1. Kenali Target Pasar Kamu
Langkah pertama sebelum memilih produk maklon adalah memahami siapa target konsumen kamu. Apakah mereka remaja yang suka tren viral? Apakah targetmu ibu-ibu yang mengutamakan keamanan bahan alami? Atau konsumen yang peduli pada produk ramah lingkungan? Dengan memahami target pasar, kamu bisa menentukan jenis produk yang paling sesuai, mulai dari varian rasa, aroma, tekstur, hingga kandungan aktifnya. Misalnya, kalau targetmu remaja, produk dengan packaging warna-warni dan aroma segar biasanya lebih diminati. Sementara konsumen dewasa mungkin lebih memperhatikan manfaat anti-aging atau kandungan bahan alami.

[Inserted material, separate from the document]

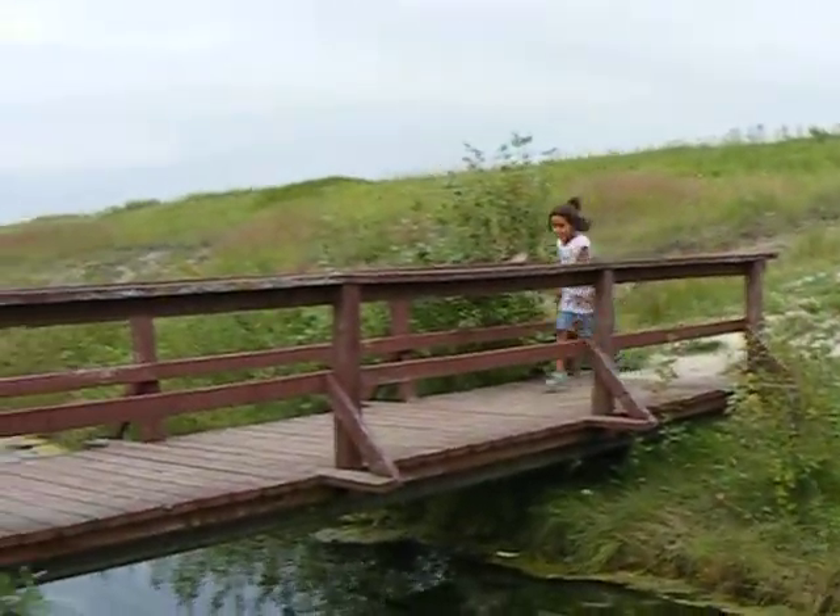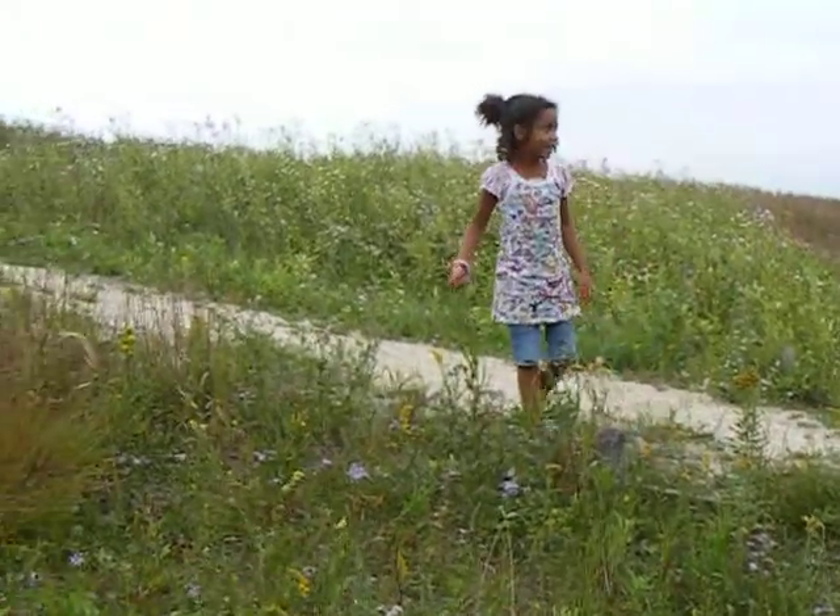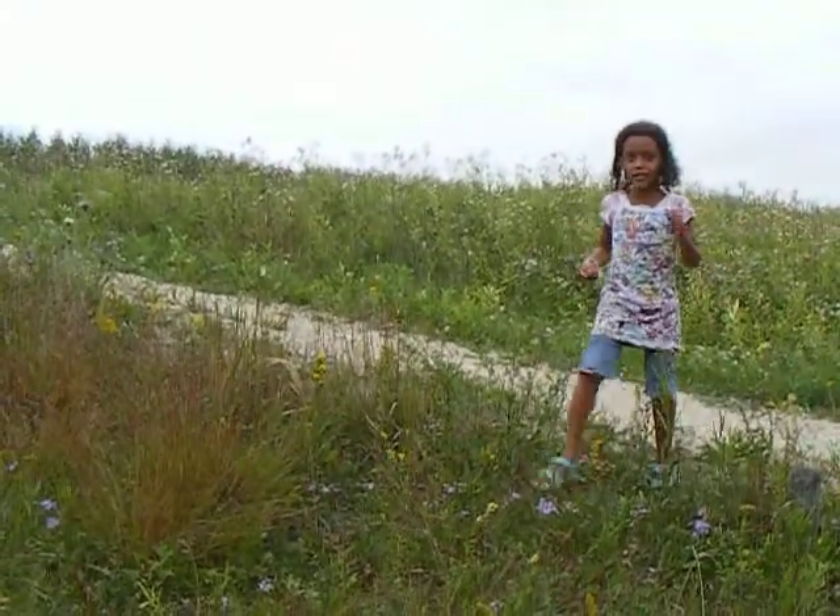Look at that. Nana! Look at that! Ha ha! And three toes! And three toes!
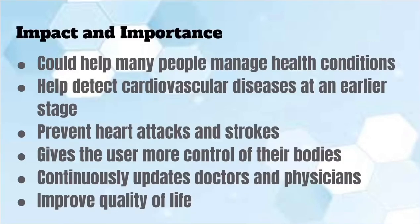The impact and importance of the heart monitoring t-shirt is that it can help many people manage many different kinds of health conditions. It can help detect cardiovascular diseases at a much earlier stage so that they can be treated easier. It can prevent heart attacks and strokes, give users more control of their bodies, giving them a better sense of security. The t-shirt can give your doctors and physicians constant updated data of your vitals and could also improve your quality of life.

2. Pilih Produk dengan Ciri Khas
Agar produk maklonmu berkarakter, tentukan nilai unik yang membedakan dari kompetitor. Bisa berupa formula khusus, bahan langka, atau konsep branding yang kuat. Misalnya, ada brand skincare yang mengusung tema lokal, menggunakan bahan dari alam Indonesia seperti bunga rosella atau buah manggis. Ada juga produk yang menonjolkan klaim halal, vegan, atau cruelty-free, sehingga punya audiens tersendiri. Produk yang unik dan punya karakter akan lebih mudah diingat konsumen, sehingga peluang untuk menjadi brand favorit semakin besar.
3. Perhatikan Kualitas dan Legalitas
Unik dan berkarakter saja tidak cukup jika kualitas produknya mengecewakan. Pastikan produk maklon yang kamu pilih diproduksi oleh pabrik yang sudah terdaftar resmi, memiliki sertifikasi BPOM, dan menggunakan bahan yang aman. Jangan tergoda harga murah tanpa memastikan kualitas, karena pengalaman buruk konsumen bisa merusak reputasi brand baru. Selain itu, legalitas seperti izin edar juga penting agar produk bisa dijual secara resmi di marketplace maupun toko fisik.
4. Perhitungkan Tren dan Diferensiasi

Tren pasar selalu berubah, terutama di industri kosmetik dan skincare. Produk yang hits tahun ini belum tentu populer tahun depan. Oleh karena itu, pilih produk maklon yang fleksibel, bisa dikembangkan, dan memiliki diferensiasi jelas. Misalnya, varian skincare yang bisa dikombinasikan dengan suplemen, atau minuman kesehatan yang punya rasa unik tapi tetap sehat. Diferensiasi ini akan membuat brand kamu tetap relevan meski kompetitor bermunculan.
5. Branding dan Storytelling
Produk unik akan lebih mudah diterima jika didukung dengan branding yang kuat. Ceritakan nilai atau filosofi brandmu, kenapa produk ini dibuat, dan manfaat yang didapat konsumen. Storytelling yang menarik bisa membuat konsumen merasa terhubung dengan brand, bukan sekadar membeli produk. Jangan lupa, kemasan yang eye-catching dan sesuai karakter brand juga akan menambah daya tarik.